El evangelio de hoy me hace pensar en una lucha siempre presente en la vida de la Iglesia y en la de cada uno de nosotros, la lucha entre la intransigencia y la permisividad. 

Si la intransigencia lleva al límite la búsqueda de la verdad de lo que somos y termina por ahogarnos por su falta de atención a los tiempos y a las dificultades para someter nuestra vida a lo bueno, la permisividad lleva al límite la necesidad de misericordia que necesita nuestra debilidad hasta olvidarse de que debemos alcanzar la talla de Cristo para que nuestra vida llegue a su plenitud.

No es fácil alcanzar este arte de mezclar la verdad y la paciencia que necesita cada vida humana. Por eso tantas veces desesperamos de los demás y de nosotros mismos sometiéndonos a juicios despiadados o terminamos por justificar nuestras pobreza y miserias confundiendo lo humano con la mediocridad.

Esta última tendencia es la que nuestra cultura parece haber impreso en el corazón de nuestros juicios de forma que, cuando disculpamos a los demás de sus pecados, no sabemos muy bien si representamos la misericordia de Dios o encubrimos nuestra misma mediocridad que no se quiere enfrentar a una lucha por lo bueno, como ese joven rico que no está dispuesto a avanzar más porque lo que pide Jesús le parece excesivo. Así estableceríamos un secreto pacto perverso: yo te justifico a ti y tú no me dices nada a mí.

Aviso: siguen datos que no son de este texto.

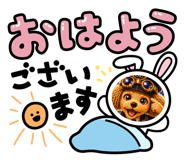 864700599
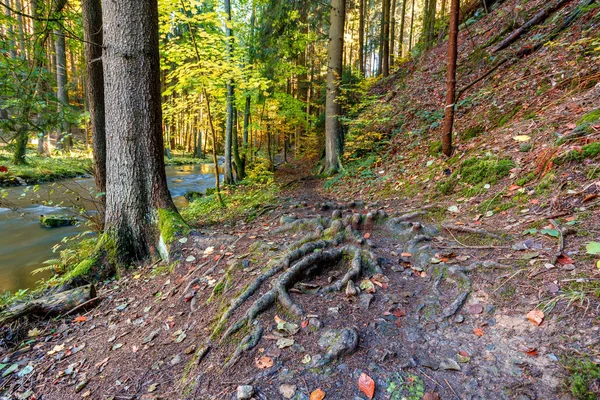 Őszi táj tartozik színes fák — Stock Fotó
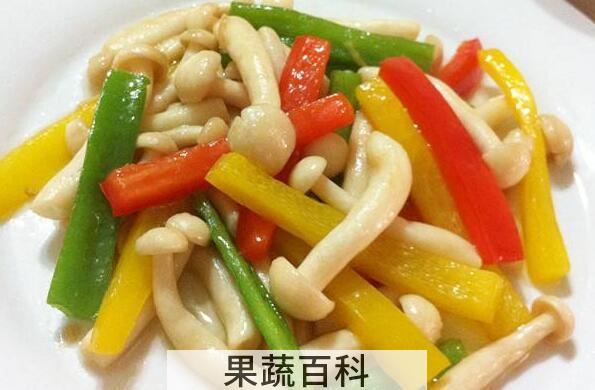 白玉菇怎么吃 白玉菇和什么炒好吃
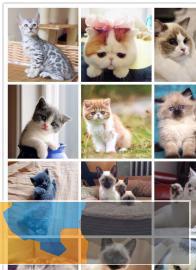 徐州本地猫舍出售各种名犬名猫包纯种包健康 徐州本地猫舍出售各种名犬名猫包纯种包健康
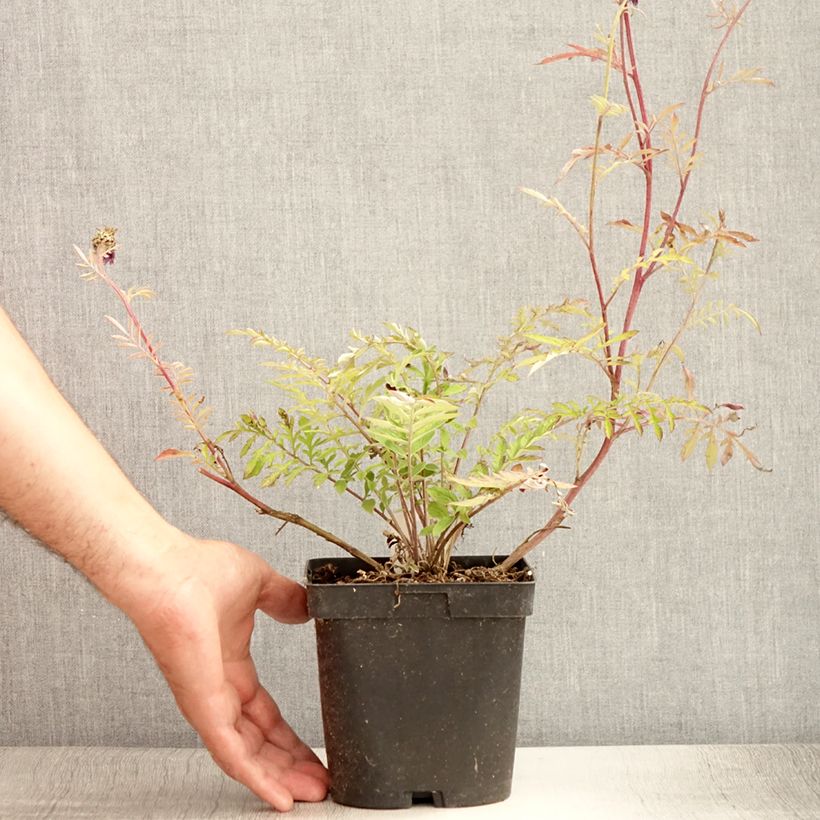 Spécimen de Centaurea dealbata - Centaurée de Perse Pot de 2L/3L tel que livré en été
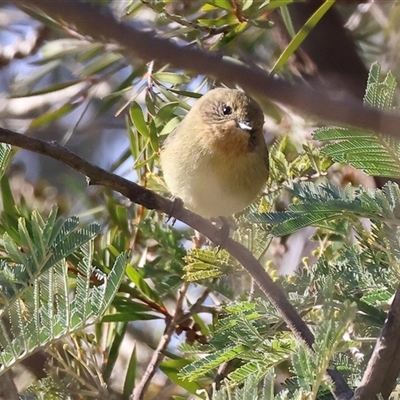 Acanthiza nana at Wodonga, VIC - 22 Jun 2025 by KylieWaldon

El juicio de Jesús que coincide siempre con una llamada a acoger en nosotros la vida de Dios, apunta claramente a la verdad de lo que somos, aunque lleve en su corazón la paciencia de Dios que quiere acompañarnos, más allá de que en ciertas partes de nuestro camino le hagamos trampas a él y nos hagamos trampas a nosotros mismos.

El juicio sobre el divorcio es solo uno de tantos que hemos de afrontar en lo concreto, pero seguro que cada uno encontramos otras situaciones propias en las que pensar.